Вскоре выяснилось: мои товарищи отбыли вчера благополучно на Степиной машине, на которой и прибыли в Опочку. Про Евгения ничего не знают, сам он не отозвался (с того света, знамо дело, не отзовешься!).
— Чайку?
— Не откажусь.
В миловидной старомодной комнате в кисейных занавесях за кружевным столом засели мы с самоваром, я на диване в суровом чехле. И никак не мог понять, что меня мучает — именно здесь, в этой веселой комнатке… Запах лекарств? Я спросил об этом у хозяина, у него ноздри раздулись, задрожали.
— Да, да, вполне возможно, — забормотал, — я уж принюхался…
— Приятный аромат, но какой-то мучительный… Ну да ладно. Аркадий Васильевич, вчера вечером, уходя от нас, вы не видели Евгения?
— Нет. А что с ним?
— Как-то неожиданно он скрылся, не попрощался…
— И не дозвонились?
— Нет.
— Странно. В милицию не сообщали?
— Успеется.
— Вас, Родион Петрович, окружает атмосфера тайны.
— Неужели я произвожу такое впечатление?
— Весьма. Это у вас родовое, наследственное. Марья Павловна так и осталась для меня прекрасной загадкой.
— И для меня. Почему она изменила завещание в мою пользу?
— «Девушкам поэты любы…» — Старик подмигнул, — Мне кажется, просто каприз. За неделю примерно до кончины вдруг посылает за мной Ларочку: хочу оставить «имение» (она так всегда выражалась) поэту. Покаюсь, я привел меркантильные доводы: чтобы вернуть былой блеск (ее мечта), нужны капиталы… Не возымело действия, ну, хозяин — барин.
— Вы ведь давно ее знали?
— Давненько. Еще мужа помню, крупный чиновник, сумел в шестидесятые как-то оформить флигель и двенадцать соток на жену, ну а в девяносто втором она уже официально вступила во владение. Дворец еще при «военном коммунизме» был по кирпичику разобран, а флигель уцелел: там механизаторы жили во время страды.
— Все-таки удивительно: известная художница, да и не старая еще женщина, ушла в такое одинокое «подполье».
— В этом и заключалась ее оригинальность: совсем одна в лесу тридцать лет! Уникальный пример женской любви.

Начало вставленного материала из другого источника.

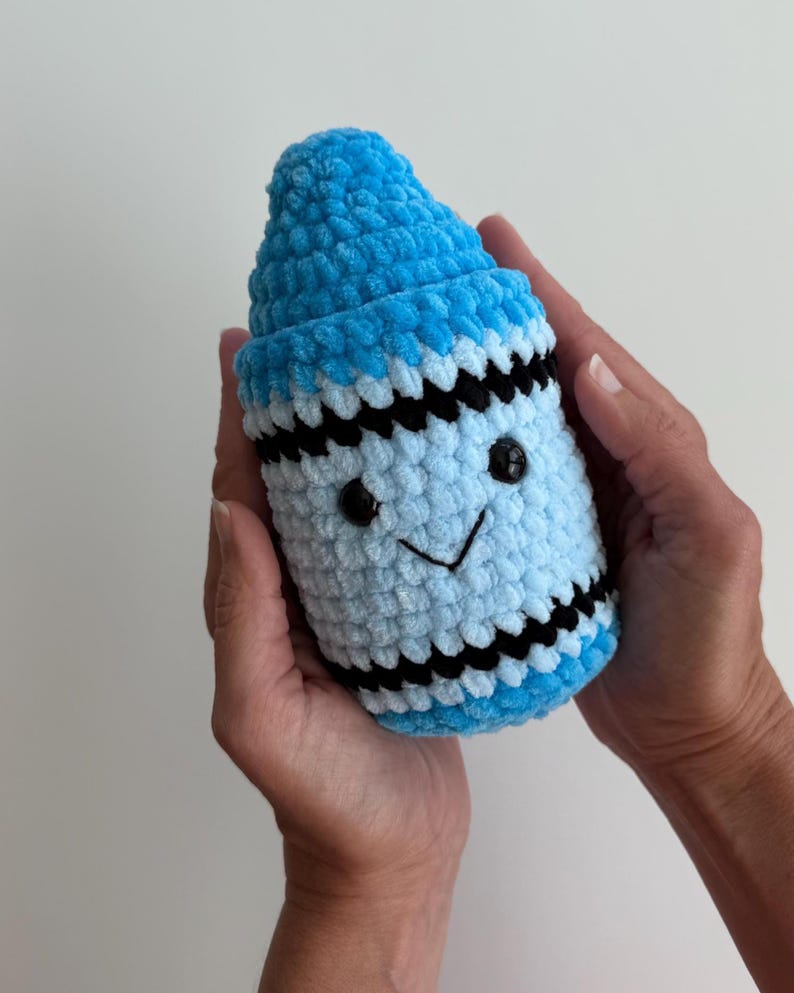 May include: A plush crochet crayon toy in shades of bright blue and light blue, featuring a pointed tip, black horizontal stripes, and a stitched face with two small black plastic eyes and a simple black embroidered smile on the light blue body.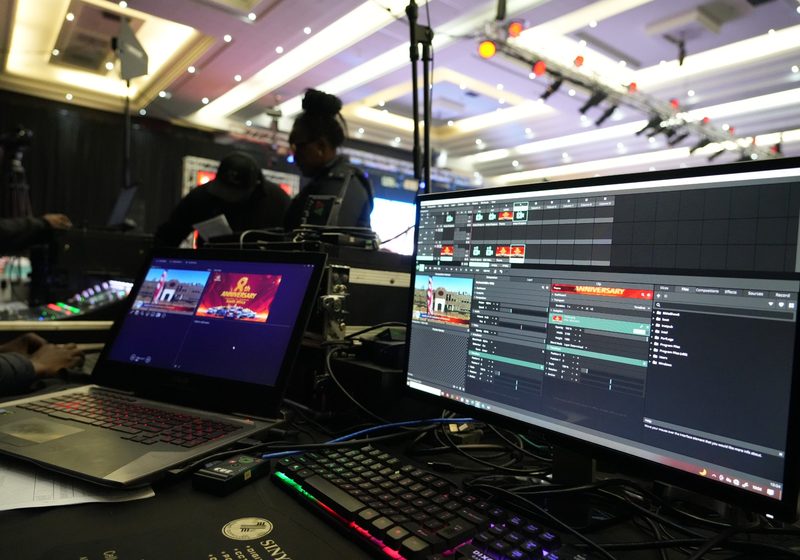 Technical desk with laptops and media playback software controlling event screen content.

— Это она после смерти мужа?
— Да, да! Причем… — Старик помолчал, но неистребимая словоохотливость победила. — Между нами, конечно (вы — наследник и семейных тайн, правда?): он умер не один.
— С женщиной?
— Вы знаете?
— Нет, просто предположил. — Я помолчал. — По аналогии.
— Тогда можете себе представить мое вчерашнее потрясение! Они приняли яд, как теперь говорят, занимаясь любовью.
— Болиголов?! — воскликнул я.
Его краткий кивок отразился в зеркальном самоваре вымученной гримасой.
— Яд замедленного действия. Впрочем, зависит от дозировки, от состояния организма… от многих условий.
— И Марью Павловну не упекли?
— Не за что, стопроцентное алиби, удостоверенное тремя незаинтересованными лицами. Двойное самоубийство: муж оставил предсмертную записку.
— А где ж он болиголов взял?
— Знаете, этот ее Митенька был с сумасшедшинкой, с большим сдвигом, — ответил доктор невпопад; и меня опять поразил изысканный аромат, подмешанный в воздух докторского жилища, слабый, но стойкий. И такой знакомый, до умопомрачения!
— Доктор, вспомните фреску в спальне — это картина преступления.
— Исключено! — возразил он яростно. — Она — святая женщина.
— Святые иконы пишут, а не пародии на них. Только не подумайте, что я ее осуждаю, я бы сказал: это ее личное дело, сейчас оно в Суде Верховном…
— В загробном? — перебил старик с усмешкой.
— Вот-вот. Но проглядывает некая связь — вам не кажется? — тончайшая ниточка, паутинка, которую дергает некий паучок.
— Вы об этих погребальных урнах в склепе?